Monday, Aug. 09, 1943

Where is Toad?

Where was Benito Mussolini?

The Badoglio Government, which presumably knew, kept silent. But Europe's rumor factories labored overtime, putting the ex-Duce:

> In the comfortable Villa Torlonia outside Rome.

> In the uncomfortable Braschi Fortress outside Rome.

> In a hotel at Rome.

> In the royal villa at Viareggio on the Gulf of Genoa.

> In a seacoast town not far from the Isle of Elba.

> In Switzerland.

> In Spain.

> In Eire (but that was an English joke).

Benito Mussolini was under arrest and not under arrest; in solitary confinement and under house guard; seized while trying to flee Italy and seized in the Quirinal; held for his own safety and held for delivery to the Allies. If he dreamed of asylum somewhere abroad, President Franklin Roosevelt's warning to neutrals against such asylum shattered the dream.

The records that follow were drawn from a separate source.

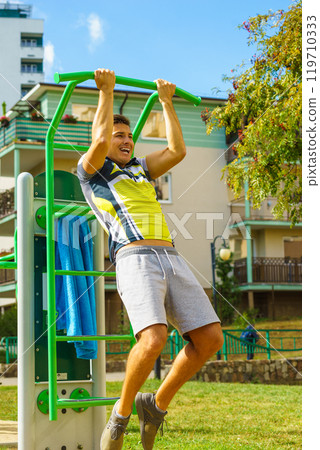 Man doing pull ups in outdoor gym 119710333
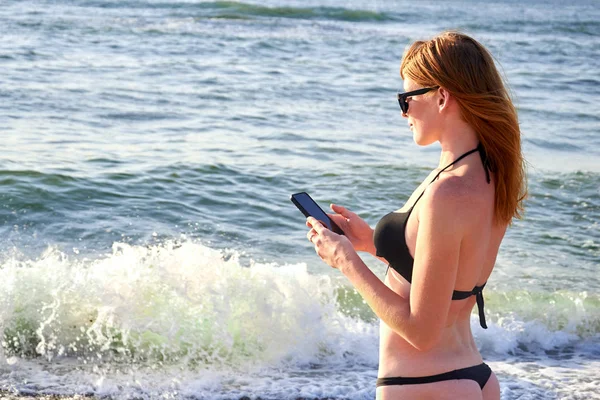 Милая улыбающаяся девушка пишет смс-ки со своего мобильного телефона на пляже. Приятный отдых Стоковое Изображение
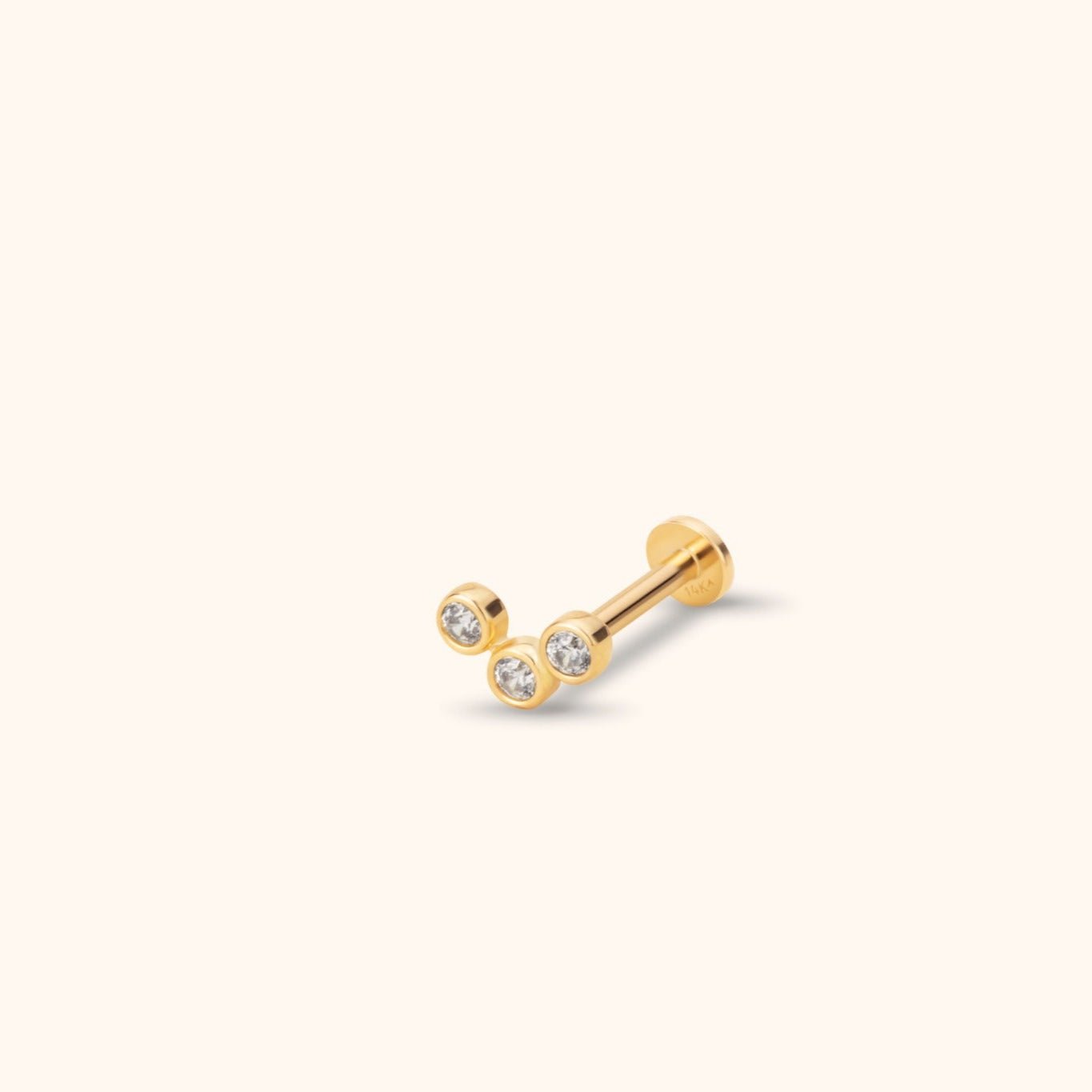 Gold-toned piercing stud with three clear round accents in a V-shaped bezel cluster, a straight post and flat disc back.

Wherever Benito Mussolini was, he passed his 60th birthday there. A deflated Mr. Toad, no longer could he swell visibly and let himself go with uplifted voice before supposedly enraptured audiences. From his ex-colleague Adolf Hitler came an anniversary gift: the works of Friedrich Nietzsche, who had written: "I teach you the Superman. . . . Thou hast made danger thy calling; therein is nothing contemptible." But from his ex-people came only bitter remembrance. Milan's Corriere della Sera called him "an aged corrupter," now as good as buried.